**What is required**
Copy, exactly as written, the lines that begin at the one containing "Black heels • Red nails" and end at the one containing "a view of kitchen". Skip any pictures in the data below.

**Working data**
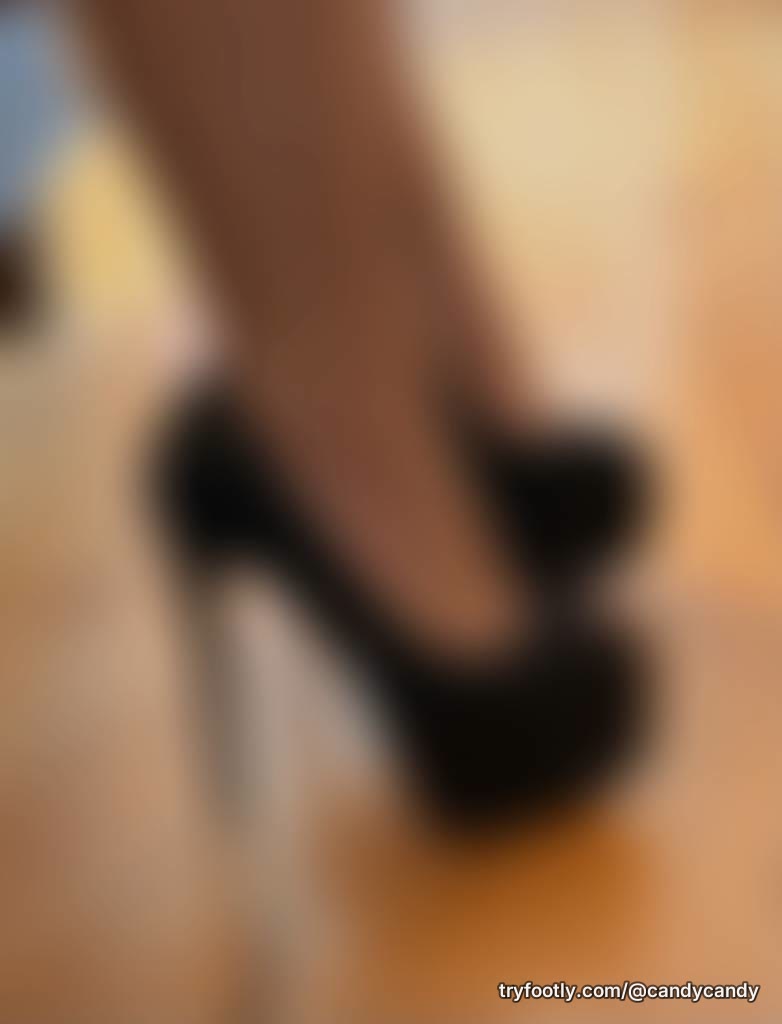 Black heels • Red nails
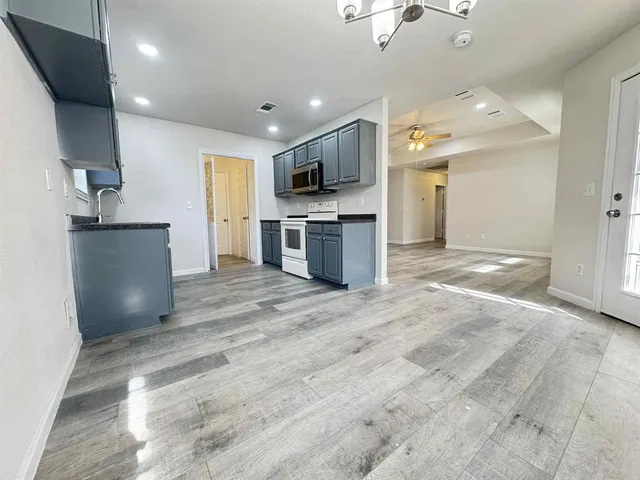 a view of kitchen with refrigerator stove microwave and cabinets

* * *

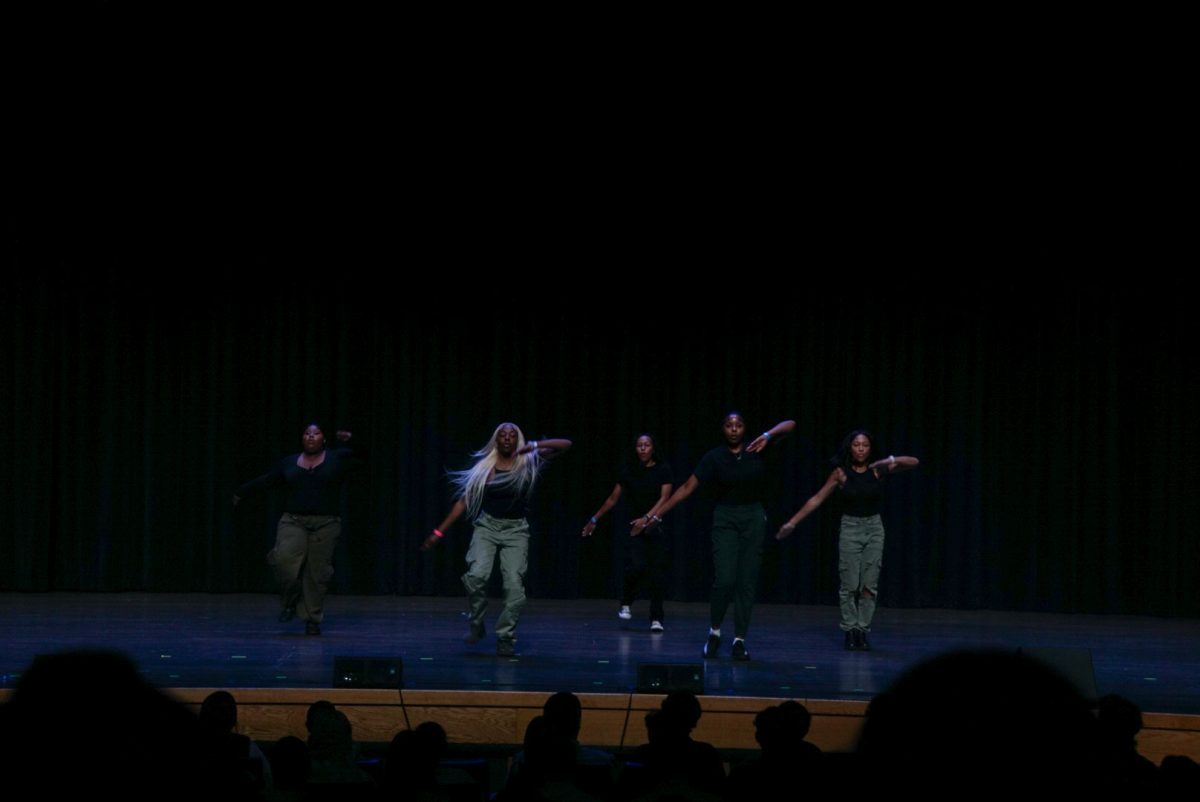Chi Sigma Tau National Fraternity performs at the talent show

**Exercise output**
 Black heels • Red nails
 a view of kitchen with refrigerator stove microwave and cabinets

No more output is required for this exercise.